====== THE DATA

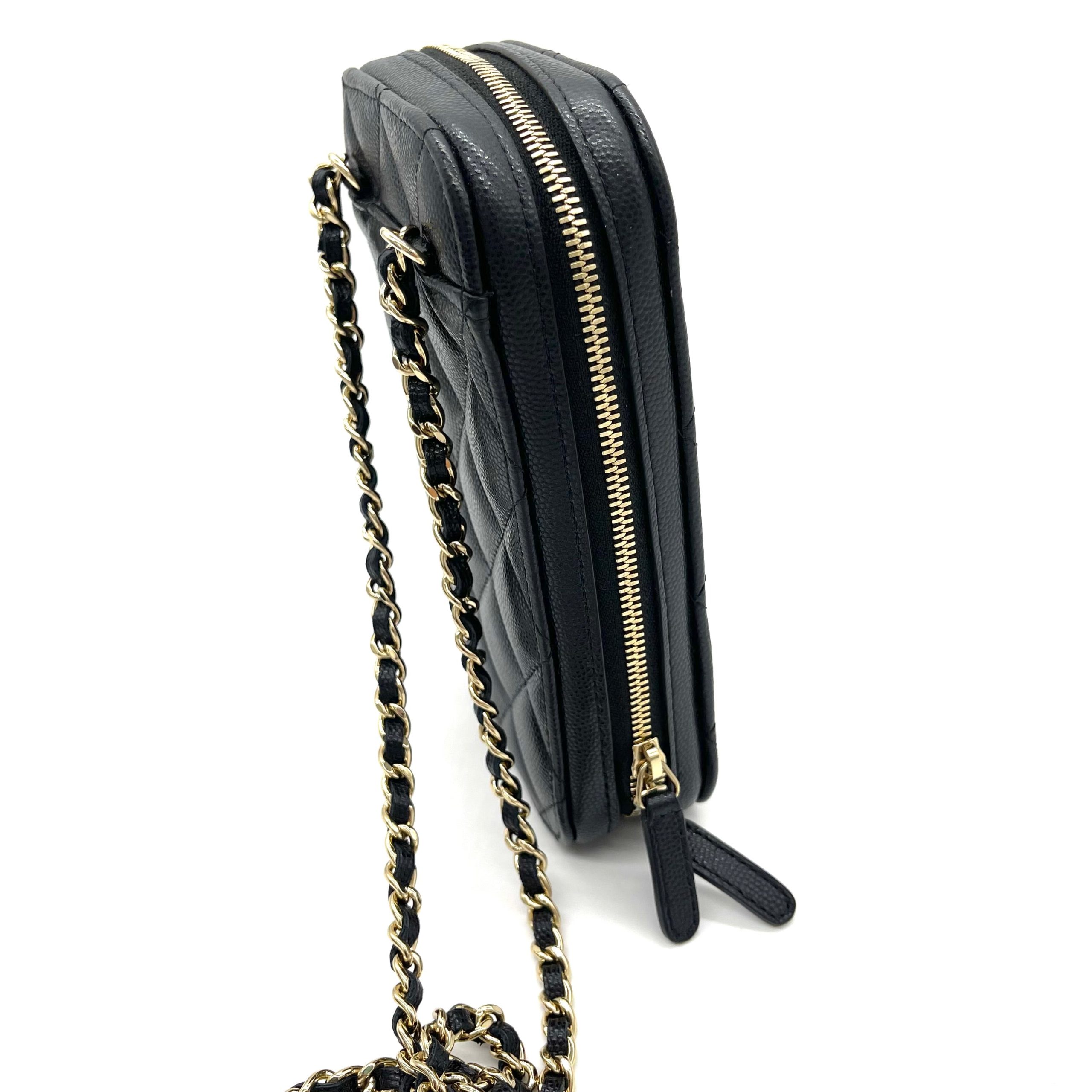 CHANEL Zip Around Phone Case Chain Shoulder Bag – Black Grained Calfskin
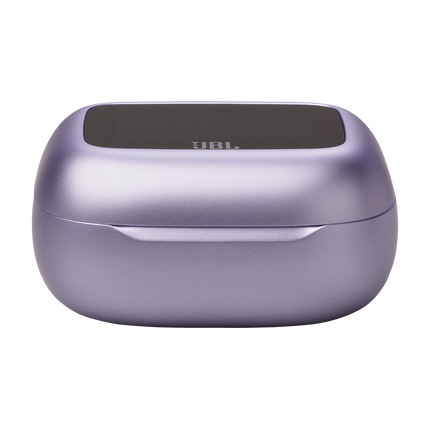 Слушалки JBL Live Flex 3, цвят лилав (Purple), затвореният калъф, изглед отпред
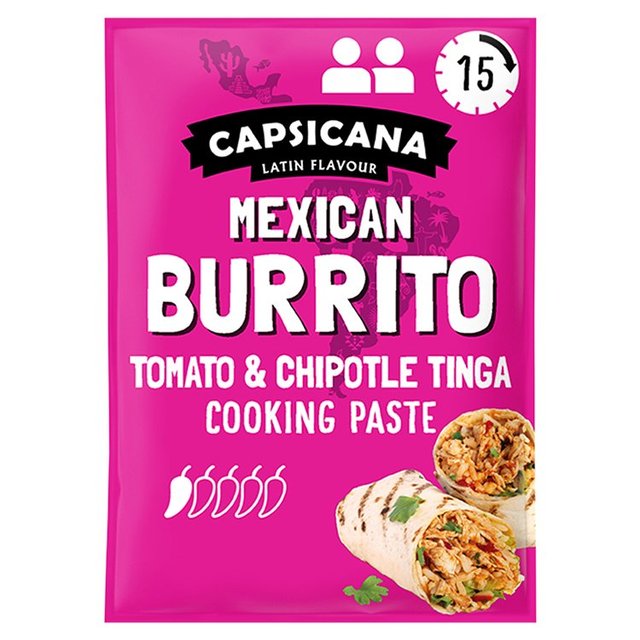 Capsicana Mexican Tomato Chipotle Burrito Cooking Paste Serves 2 Mild 60g Botiga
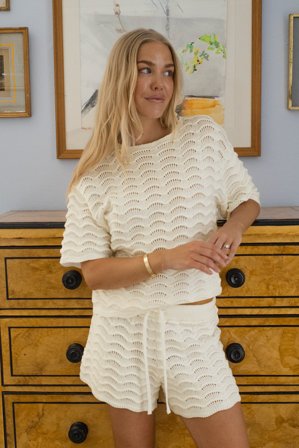 Moa Mattsson x NA-KD Strick-T-Shirt - Sommerset - OffWeiß - XS (EU 32)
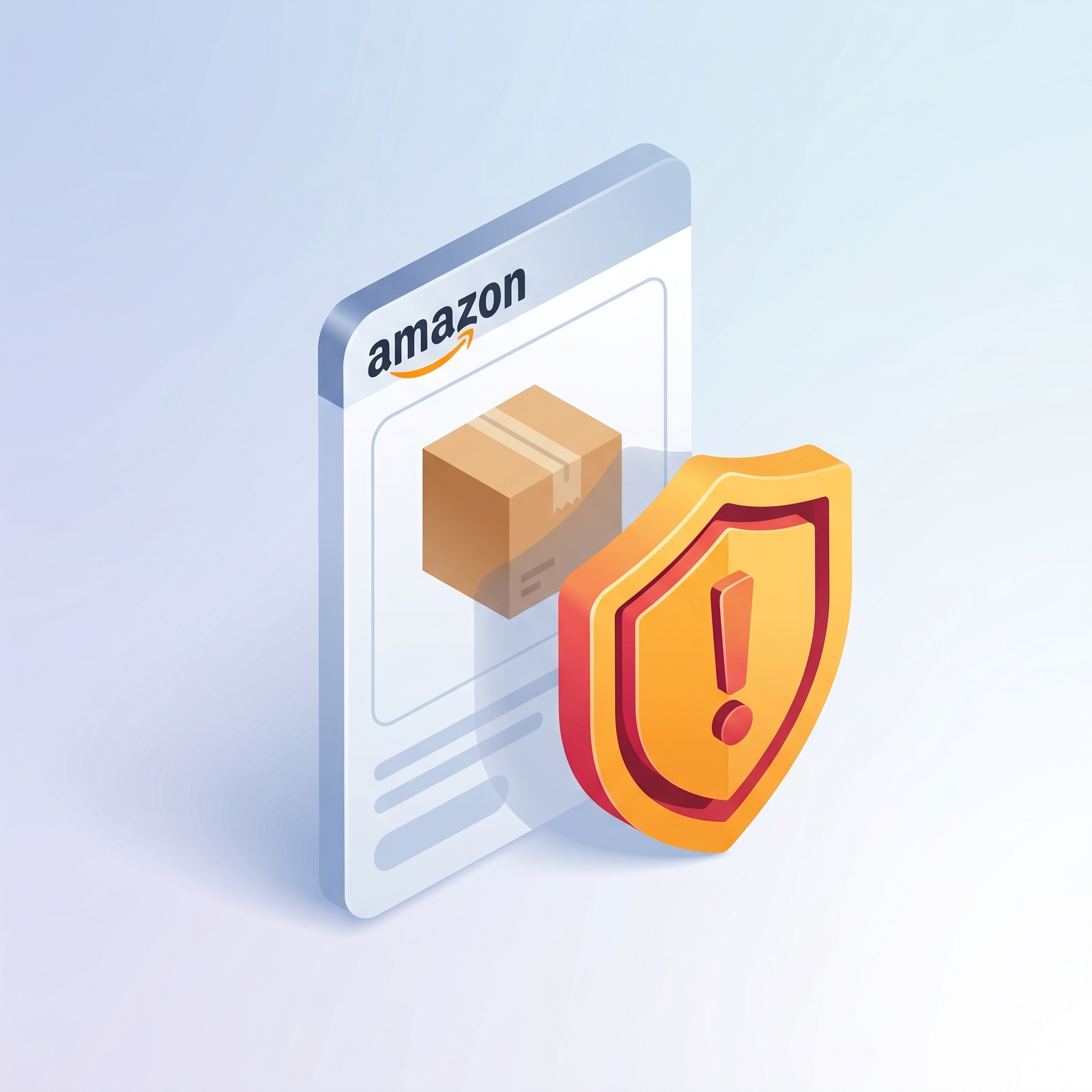 Conceptual illustration of Amazon listing suppression showing a fading product icon behind a warning shield.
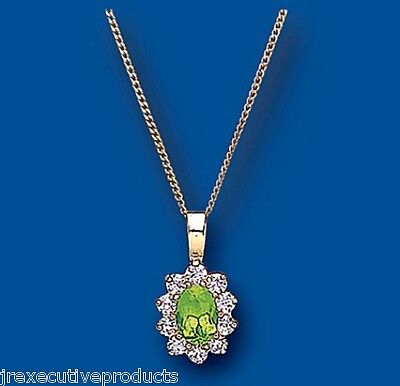 Yellow Gold Peridot Pendant Cluster Necklace Hallmarked 18" Chain British Made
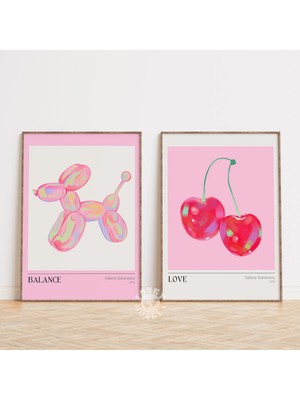 Ninastore Retro Duvar Sanatı Baskı Seti (2 Adet) / Pembe Şık Poster Seti / Yazdırılabilir Trend Duvar Sanatı /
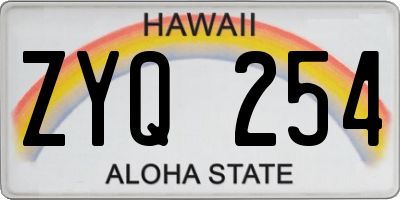 HI license plate ZYQ254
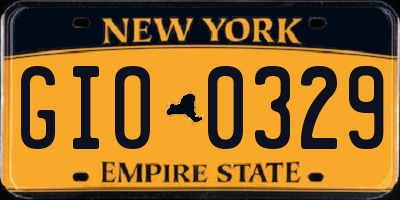 NY license plate GIO0329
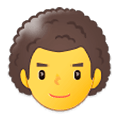 👨‍🦱 Emoji Homem: Cabelo Cacheado na Samsung One UI 1.0.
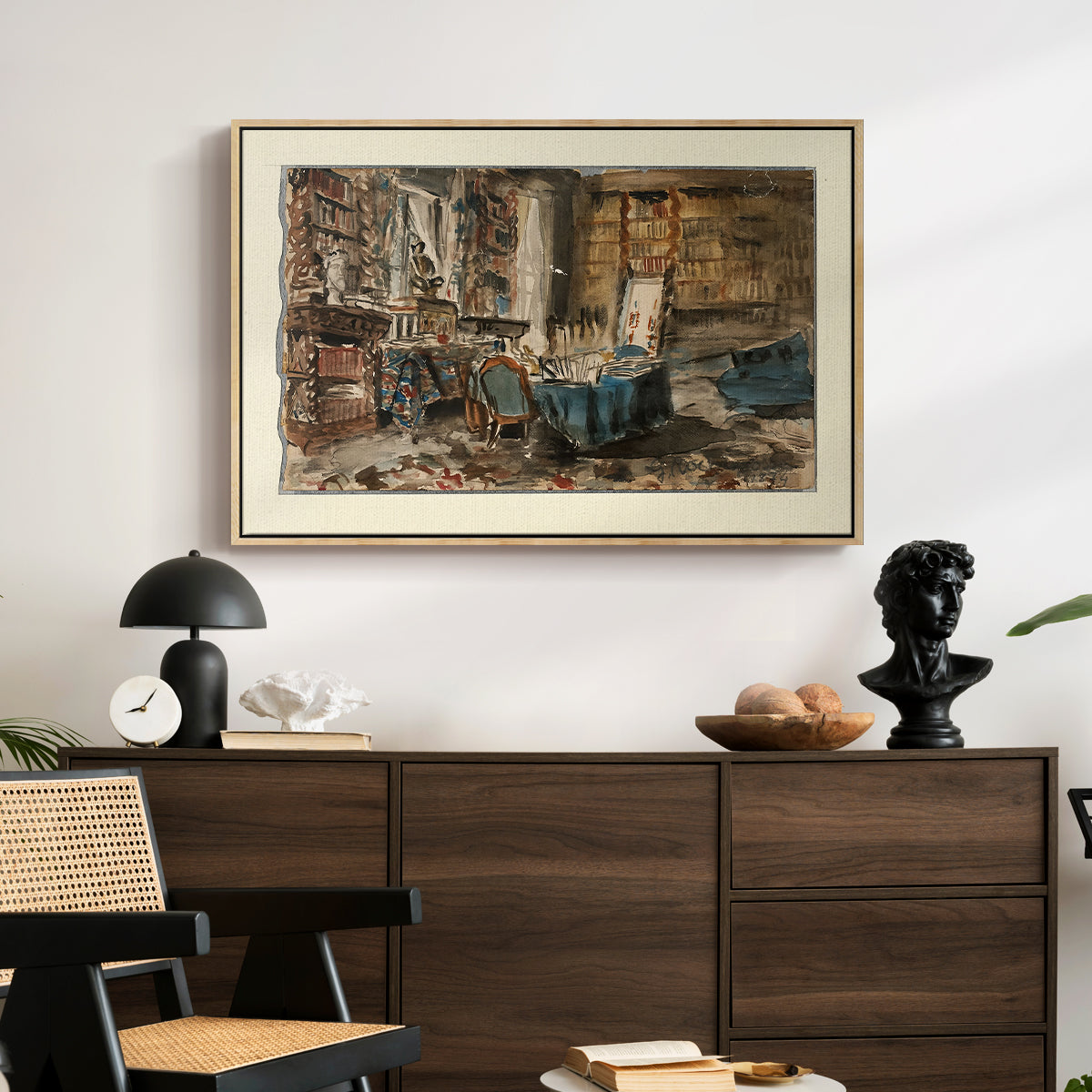 Cabinet de Flaubert à Croisset, 1874 - Floater Framed Canvas Print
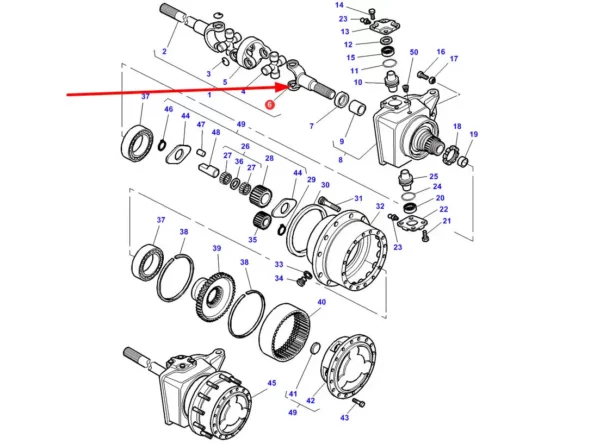 Oryginalna półoś napędowa przedniej osi o numerze katalogowym 3764011M1, stosowana w ciągnikach rolniczych marki Massey Ferguson schemat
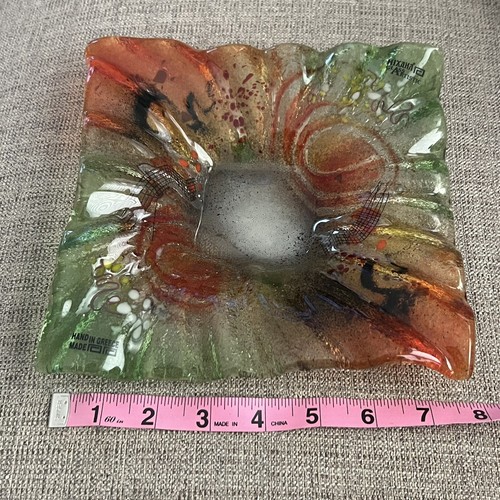 Vintage Made In Greece Mixaha Quadratische Kunst Mundgeblasene Glasplatte, 8” X 8” - Bild 7 von 7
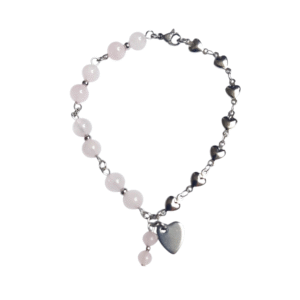Bracelet artisanal, quartz rose et acier inoxydable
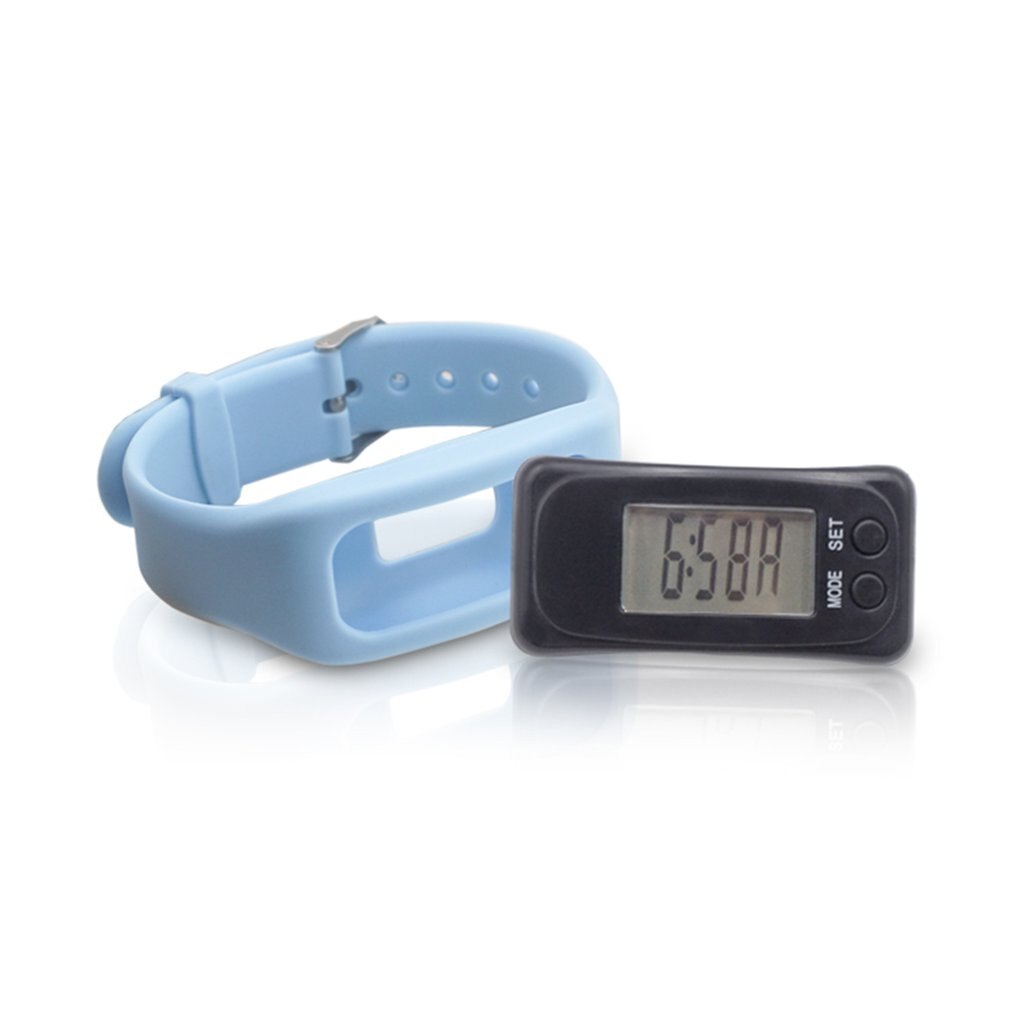Lcd Smart Pols Waterdicht Stappenteller Sport Monitor Running Sporten Stappenteller Fitness Polsband: Blue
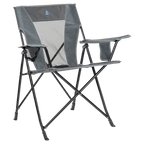 Micro-Folding Comfort Quad Chair - Choice 989 - Premium Slim-Fold Compact Chair with Messenger Bag - Heathered Pewter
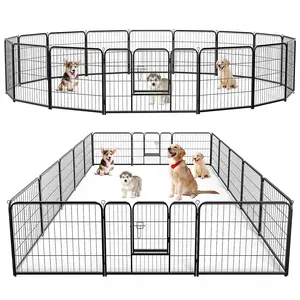 8/16-Panel Metal Dog Playpen with Door | 24"/32"/40" Inch High Indoor/Outdoor Pet Fence for Puppy, Small & Medium Dogs | For Home, Yard, Garden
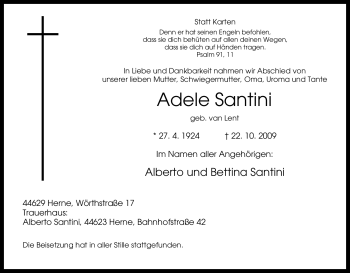 Traueranzeige von Adele Santini von Tageszeitung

============

* TASK GOAL: Transcribe only this stretch of the data: the line with "Vintage Made In", the line with "Bracelet artisanal, quartz", and every line in between. Leave out the pictures.

* SOLUTION FOR THIS EXERCISE:
 Vintage Made In Greece Mixaha Quadratische Kunst Mundgeblasene Glasplatte, 8” X 8” - Bild 7 von 7
Bracelet artisanal, quartz rose et acier inoxydable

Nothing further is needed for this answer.